[
https://issues.apache.org/jira/browse/YARN-713?page=com.atlassian.jira.plugin.system.issuetabpanels:all-tabpanel
]
Maysam Yabandeh updated YARN-713:
---------------------------------
Attachment: YARN-713.patch
A preliminary patch is attached. Three points:
# With the new changes of YARN-571, I did not find a way to write a unit test
that simulates a DNS error. I am temporarily changing the visibility of
setTokenServiceUserIp to allow the test go thorough.

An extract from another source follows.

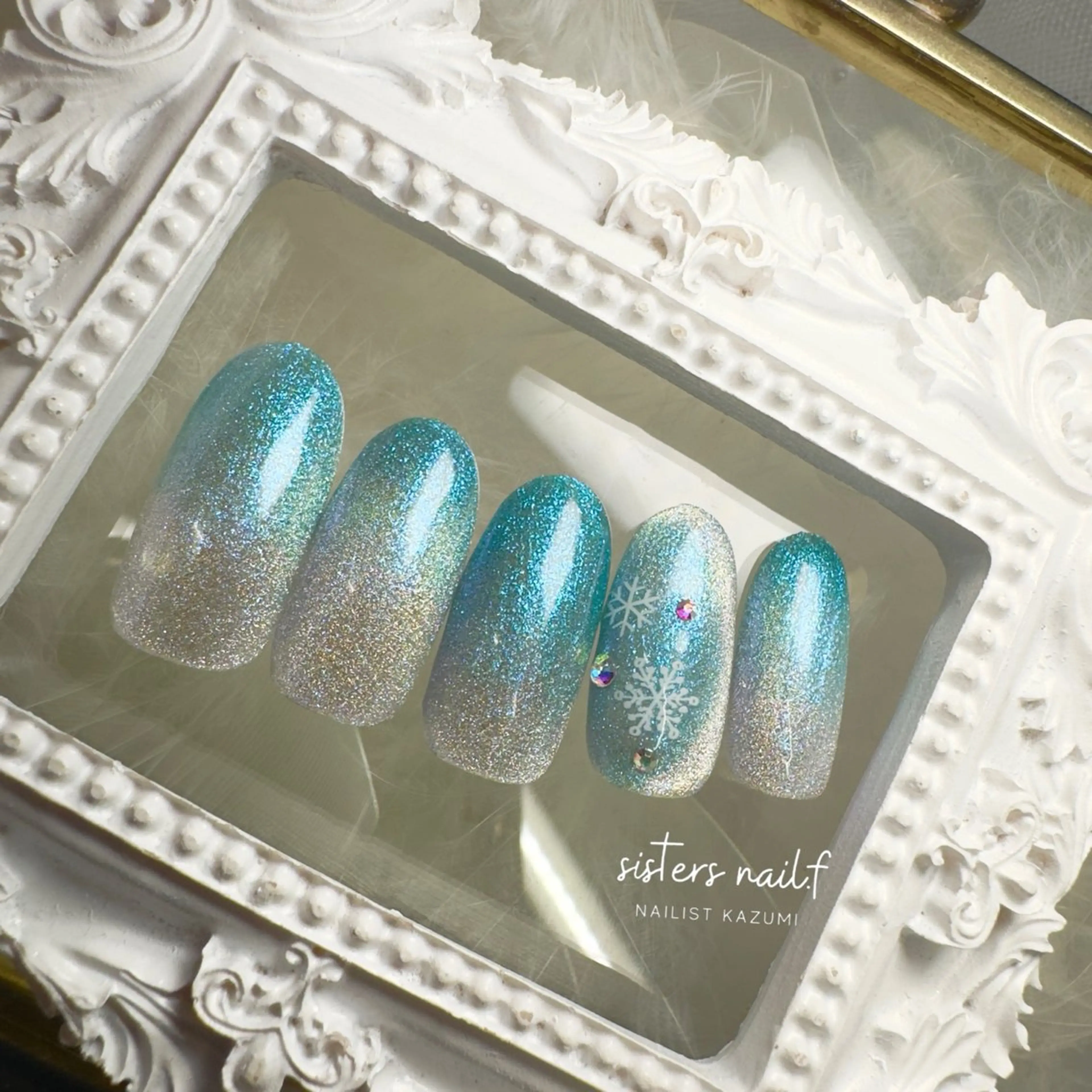 ネイル sisters nail.fのネイルデザイン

# The patch catches the IllegalArgumentException and verifies whether it is
related to IP resolving. I guess a cleaner way is to directly throw the
UnknownHostException at SecurityUtil.java
# The current patch simply logs the exception. I am wondering whether a more
complicated reaction is desired, such as recirculating the event after a
timeout. In general, we should determine which component is responsible of
retrying a failed event.
> ResourceManager can exit unexpectedly if DNS is unavailable
> -----------------------------------------------------------
>
> Key: YARN-713
> URL: https://issues.apache.org/jira/browse/YARN-713
> Project: Hadoop YARN
> Issue Type: Bug
> Components: resourcemanager
> Affects Versions: 2.1.0-beta
> Reporter: Jason Lowe
> Priority: Critical
> Attachments: YARN-713.patch
>
>
> As discussed in MAPREDUCE-5261, there's a possibility that a DNS outage could
> lead to an unhandled exception in the ResourceManager's AsyncDispatcher, and
> that ultimately would cause the RM to exit. The RM should not exit during
> DNS hiccups.
--
This message is automatically generated by JIRA.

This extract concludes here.